By Margaret Evans
Do horses have just one toe – the complex hoof – or do they, in fact, still have remnants of all of their original five toes with four of them hidden from view?
Horses evolved some 55 million years ago in North America as small, dog-size mammals with five toes. The climate was warm, wet, and subtropical, and having toes that spread out to pad around the forest floor was ideal. But as the climate changed, so did the little horses.
Over an immense amount of time the horses adapted to cooling climates and changing landscapes that replaced forest with grassland. They became flight animals, which required them to grow bigger and run faster. Their cardiovascular system expanded and their limbs lengthened to end in a single hardened hoof capsule capable of supporting the greater weight and speed. It was assumed in scientific circles that the redundant side toes shrank and eventually disappeared. But did those ancient toes, or digits, disappear altogether?

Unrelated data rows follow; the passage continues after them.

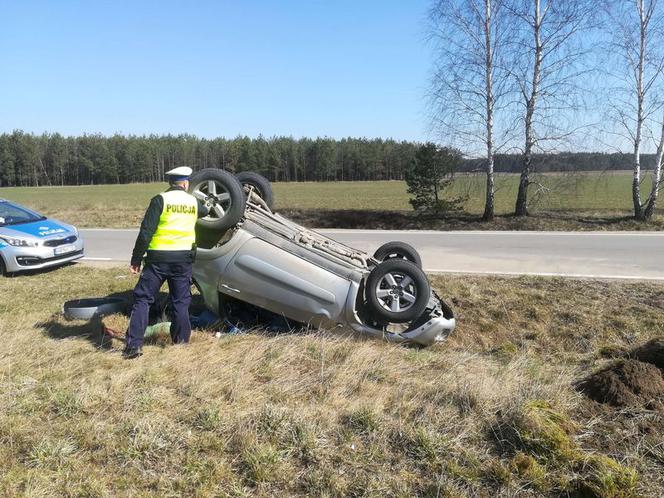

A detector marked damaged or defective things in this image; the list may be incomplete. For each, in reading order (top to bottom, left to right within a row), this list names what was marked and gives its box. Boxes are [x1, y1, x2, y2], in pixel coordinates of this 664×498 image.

overturned silver suv [189, 169, 454, 344]
detached car part [189, 171, 454, 346]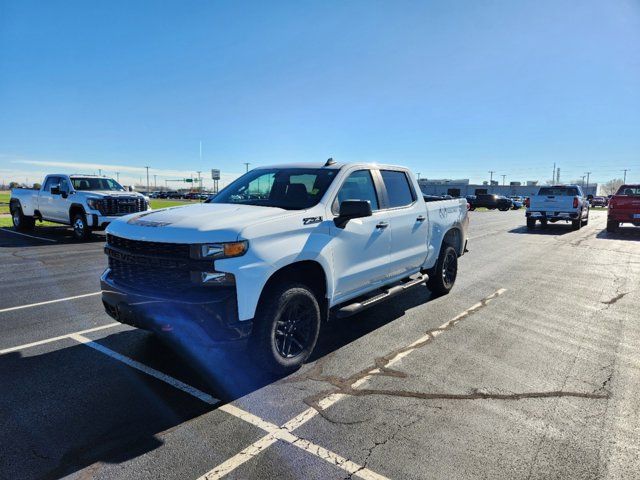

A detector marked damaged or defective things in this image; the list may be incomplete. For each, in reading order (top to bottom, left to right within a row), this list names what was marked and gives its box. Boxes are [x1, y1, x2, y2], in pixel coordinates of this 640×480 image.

cracked pavement [1, 211, 640, 480]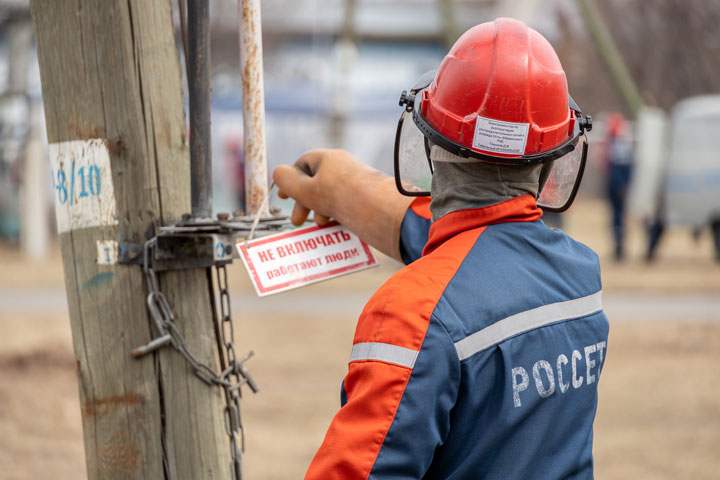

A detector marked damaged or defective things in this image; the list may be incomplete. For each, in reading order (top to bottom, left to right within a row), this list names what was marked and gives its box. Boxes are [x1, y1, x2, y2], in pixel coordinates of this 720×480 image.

rusty metal pipe [187, 0, 212, 218]
rusty metal pipe [239, 0, 270, 216]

Silhouettes show Mesohippus primigenium, an early ancestor of the modern horse that lived some 38 million years ago and was previously believed to have three toes, and the modern horse. Photographs of both animals’ hand bones appear alongside renderings of the researchers’ proposed digit identities.
The researchers argue that missing digits one and five are partially expressed on the surfaces of the side toes (shown in red/blue). While the horse is described as being monodactyl, with only one complete digit, the researchers demonstrate that digits two and four are expressed as the splint bones and frog (padding of the foot), as shown in yellow/green. Missing digits one and five are expressed as ridges on the splint bones and as the hoof cartilages, as shown in the lower red/blue areas. Photos and caption courtesy New York Institute of Technology
As of 2019, researchers at the New York Institute of Technology, College of Osteopathic Medicine (NYITCOM) suggest that, in fact, the four side toes did not completely disappear but remain even today as remnants still present within the horse’s modern lower leg and hoof.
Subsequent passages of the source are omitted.